Flói nodded. “Aye, we have. Tharkûn, whom Men know as Gandalf the Grey, entered the Necromancer’s Tower on some wizardly business and found old Thráin there, in one of the deepest dungeons. He was maddened already, not even remembering his own name; the last of the Seven Rings taken from him. But somehow he still managed to give Tharkûn the map of Erebor and the key to its secret door; and with the help of those have Thorin and his company found a way to take back our ancient Kingdom from the Dragon.”
Rei nodded. “’Tis a tale often told among the Rangers of Eriador,” she said. “They held Tharkûn in the highest esteem; and they found the involvement of Bilbo Baggins, the esteemed burglar, an amusing tale.”

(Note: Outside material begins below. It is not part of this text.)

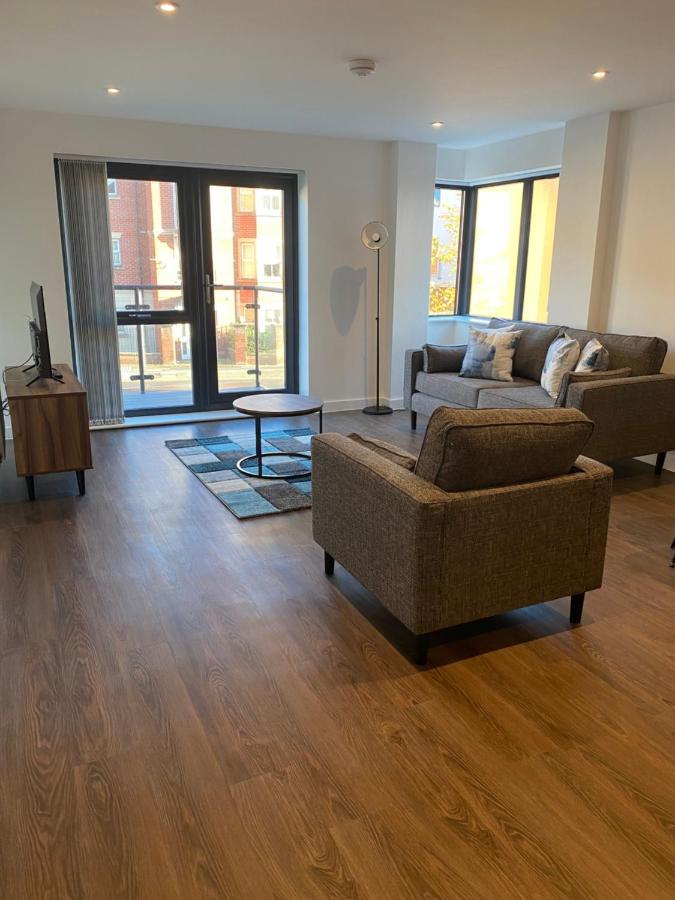Icona - Luxurious 2 Bed Apartment Йорк Екстериор снимка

“I can imagine that they do,” grinned Flói, who had his own run-ins with the Rangers and quite liked them; they were kindred spirits, after all, at least where travelling along in the wilderness was considered. “In any case, after the Battle of Five Armies, King Dáin Ironfoot had the Kingdom under the Mountain rebuilt. We also helped the Men of Dale and the Lakemen of Esgaroth to rebuild their towns, which, too, had been destroyed by the Dragon. We even trade with the Wood-Elves of King Thranduil’s realm now, although friendships between Dwarves and Elves are not as common as they used to be in the glorious days of Khazad-dûm. The Wood-Elves are a strange lot, unlike the people of Khelebrimbur Dwarf-friend, who shared our love for things made by skill and artistry. Still, some of them are friendly enough; and life in Erebor is good. We live in place with our neighbours, and neither Orcs, nor Wargs have bothered us in the recent years.”
“Why is the forest still called Mirkwood, then?” asked Rei.
“For ‘tis still dark and dangerous, above all the southern half of it,” explained Flói. “Tharkûn and his allies – whoever they may be – have managed to chase the Necromancer away from Dol Guldur, his dark tower upon the Naked Hill, and the forest has cleared up a little since then, at least in the North. But the southern woods are still thick and shadowy, and no-one can tell what evil things might still hide there. That has always been the region where the Wargs and Great Spiders came from; they might have retreated there for the time being, but we cannot be certain that they shall not return one day. That is why the Elvenking still sends out patrols to keep an eye on the southern border of his realm; for he, too, fears that we have not seen the last of those evil beasts yet.”
“But what about Erebor?” Náli asked. “Erebor is safe for raising a family, is it not?”
“Why, certainly!” answered Flói proudly. “The Kingdom under the Mountain shines in its old glory once again. Its fortifications could break whole armies like the waves of the sea. I am proud to call myself a warrior of that great realm, and with joy and relief do I look forward to my return.”